PQ: Third or fourth-year standing.

Wei-Cheng Lin, Ph.D., Cecilia Palombo
2024-2025 Winter

EALC 44200 Colloquium: Modern Japan

(HIST 44200)

This colloquium is intended for graduate students preparing for a field exam in Japanese history and others interested in reading recent scholarship on the social, political, and cultural history of modern Japan.

Prerequisites

Open to MA and PhD students only.

2024-2025 Spring

EALC 16107 Moving Objects, Dispersed Cultures: Case Studies from China and the Middle East

(ARTH 16107)

This course introduces big problems created by the movement, relocation or displacement of objects that are assigned special cultural, artistic, and historical values in new contexts. Such objects are often used as historical sources to justify the present, generating competing claims about the past while also raising problems and questions of preservation, ownership, copyright, and access. This class will ask how objects move from their original place to modern collections. How do they become art or part of cultural heritages? And how do they become historical sources? To address these complex issues, we will examine case studies of “moving objects” from two different geographies and historical contexts, China and the Middle East, in a comparative framework. We will discuss both historical and art historical questions stemming from specific objects and their stories in those two regions. We will talk about objects that were forced to move, relocated, or displaced, thereby their significance and value transform or take on new meanings. The dispersal and replication of moving objects in various collections is especially relevant today, with the creation of different types of digital replicas.
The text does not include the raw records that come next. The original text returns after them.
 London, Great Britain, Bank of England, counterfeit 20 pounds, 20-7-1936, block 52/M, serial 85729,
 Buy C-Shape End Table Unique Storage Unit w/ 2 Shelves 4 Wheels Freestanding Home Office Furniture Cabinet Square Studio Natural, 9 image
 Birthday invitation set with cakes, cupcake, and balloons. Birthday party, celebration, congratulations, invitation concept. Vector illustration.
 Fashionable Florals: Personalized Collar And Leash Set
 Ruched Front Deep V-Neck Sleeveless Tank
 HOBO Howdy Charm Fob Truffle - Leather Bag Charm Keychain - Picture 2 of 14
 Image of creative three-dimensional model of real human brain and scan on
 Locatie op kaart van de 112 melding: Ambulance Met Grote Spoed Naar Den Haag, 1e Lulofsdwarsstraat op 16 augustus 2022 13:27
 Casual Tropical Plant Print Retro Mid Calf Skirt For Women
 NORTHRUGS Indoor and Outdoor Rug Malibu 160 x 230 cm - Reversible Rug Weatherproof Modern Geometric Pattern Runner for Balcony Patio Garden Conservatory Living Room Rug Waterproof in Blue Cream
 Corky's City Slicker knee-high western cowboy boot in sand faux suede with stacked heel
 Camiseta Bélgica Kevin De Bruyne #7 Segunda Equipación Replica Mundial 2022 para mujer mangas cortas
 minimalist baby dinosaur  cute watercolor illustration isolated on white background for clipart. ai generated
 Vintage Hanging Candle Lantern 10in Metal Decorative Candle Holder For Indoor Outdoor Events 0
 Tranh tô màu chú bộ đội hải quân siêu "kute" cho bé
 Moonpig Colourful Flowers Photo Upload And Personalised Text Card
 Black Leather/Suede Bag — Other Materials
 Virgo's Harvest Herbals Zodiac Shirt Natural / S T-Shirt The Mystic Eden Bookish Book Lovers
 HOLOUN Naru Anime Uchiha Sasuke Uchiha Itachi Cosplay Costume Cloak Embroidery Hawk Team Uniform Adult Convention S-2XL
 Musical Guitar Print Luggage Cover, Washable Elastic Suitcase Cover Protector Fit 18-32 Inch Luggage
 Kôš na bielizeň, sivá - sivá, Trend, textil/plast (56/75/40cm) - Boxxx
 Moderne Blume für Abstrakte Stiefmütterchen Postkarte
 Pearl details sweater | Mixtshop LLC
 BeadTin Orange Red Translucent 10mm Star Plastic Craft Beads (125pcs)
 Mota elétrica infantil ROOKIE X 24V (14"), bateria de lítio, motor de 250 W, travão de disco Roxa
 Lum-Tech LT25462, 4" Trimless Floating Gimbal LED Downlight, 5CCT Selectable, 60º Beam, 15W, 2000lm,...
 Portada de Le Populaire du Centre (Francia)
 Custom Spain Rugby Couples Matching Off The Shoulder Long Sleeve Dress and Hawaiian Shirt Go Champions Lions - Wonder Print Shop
Wei-Cheng Lin, Ph.D., Cecilia Palombo
2024-2025 Winter

EALC 48211 Modern Dunhuang

(ARTH 48211)

After its modern discovery, Dunhuang—the home of Buddhist grottoes constructed between the 4th and 14th centuries—had been a site of intensive research that paved the way for the rise of Dunhuang Studies later in the twentieth century, including research in cave art and retrieved manuscripts. While these earlier endeavors made an indelible contribution to our knowledge of Dunhuang, this course posits a complexity in building the site into the discourse of modern China and a dialectic relationship between modern Dunhuang and the research of historical Dunhuang. To better understand this complexity, this course foregrounds how Dunhuang came to be known and studied in the politics of Western colonialism and the restructuring of modern China. The course will also trace the trajectory in which modern Dunhuang developed through a spectrum of different “representations” –architectural diagrams, photographs, paintings, exhibitions, etc. By focusing on these representations, students will analyze the agenda in the conception of Dunhuang as a site of national pride and heritage and consider its role in narratives of twentieth-century East Asian Art.